Think about it: if you’re looking for someone to prepare your taxes, would you reach out to the person who says she’s a tax expert and CPA or someone who lists four other seemingly unrelated professions along with his ability to do your taxes?
Instead, focus on putting your talents to their highest and best use. When you’re clear, everything becomes easier. People understand you, what you offer, your value, what differentiates you, how you can help them.
2. Advice from someone who hasn’t achieved the results you want
It’s easy for people to tell you what you should do, especially well-intended family and friends trying to “help” you. But unless someone’s been there and done that, their “advice” is simply their opinion—and one that isn’t useful.
Never take advice from people who aren’t getting the results you want to experience.

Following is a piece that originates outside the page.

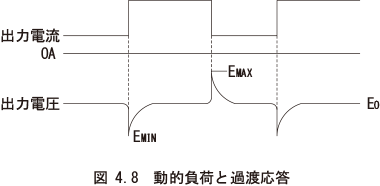 図　4.8 動的負荷と過渡応答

Instead, seek counsel from those who have done what you want to do, and even then, use it as a suggestion rather than a rule to inform your own career journey.
3. Irrelevant experience
You’re not doing yourself any favors by hoarding past career experience that has nothing to do with what you want to do now or how you want others to perceive you. When you’re telling your career story, ruthlessly pare down information on your CV or LinkedIn profile, omitting the experience that doesn’t align with your goals.
4. The need to be perfect
If you’re a perfectionist, this may be a hard pill to swallow: “perfect” doesn’t exist.
When you tell yourself circumstances need to be perfect before you take action, or you’ll do X when Y happens, you give up your power to external forces you can’t control. It can also keep you from taking risks for fear of failure, so you stagnate while you procrastinate.

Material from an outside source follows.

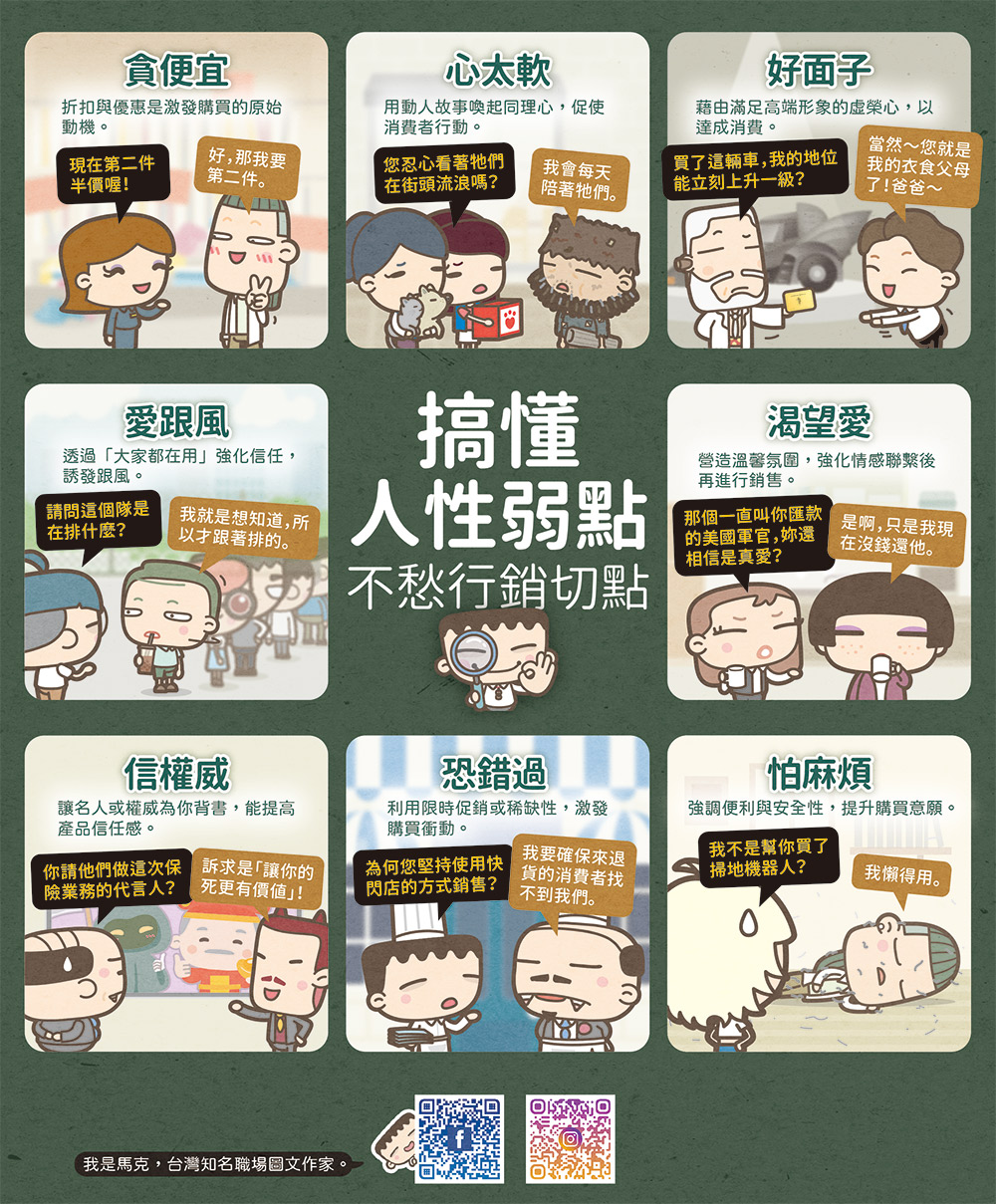 馬克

One surefire way to combat perfectionism—and grow your career—is to take action. You must take risks, which will result in one of two things: success or learning. Remember, aim for progress, not perfection.
5. People and things that no longer serve you
Your environment, which includes your friends, colleagues, location, habits, and lifestyle, impacts you far more—for better or worse—than you realize; it always wins. You’ve likely grown and evolved in your career, and what once worked for you has probably changed. You can’t make a significant, lasting change without altering some elements of your environment.

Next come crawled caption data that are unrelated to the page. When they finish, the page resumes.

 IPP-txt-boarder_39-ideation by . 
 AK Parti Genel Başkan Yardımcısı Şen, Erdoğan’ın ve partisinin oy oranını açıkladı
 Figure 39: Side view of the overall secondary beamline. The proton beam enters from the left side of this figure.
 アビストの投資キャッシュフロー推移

Remember to be mindful of the company you keep and the activities that you engage in, and ask yourself if they support what you want to do, not just what you’ve done. Real growth happens when you align yourself with people and things that support your destiny, not your history.
6. Saying yes to everything
Always saying yes may make you seem agreeable and accommodating, but it also forces you into agreeing to things you wish you hadn’t, that are unnecessary, and that burn through your precious time—big mistake. Busy people take on everything and offer unfettered access to their time, expertise and attention; productive people set boundaries.
We must choose, with intention, to what we say yes and to what we say no. It all comes down to simplifying, prioritizing and focusing our attention on what matters most.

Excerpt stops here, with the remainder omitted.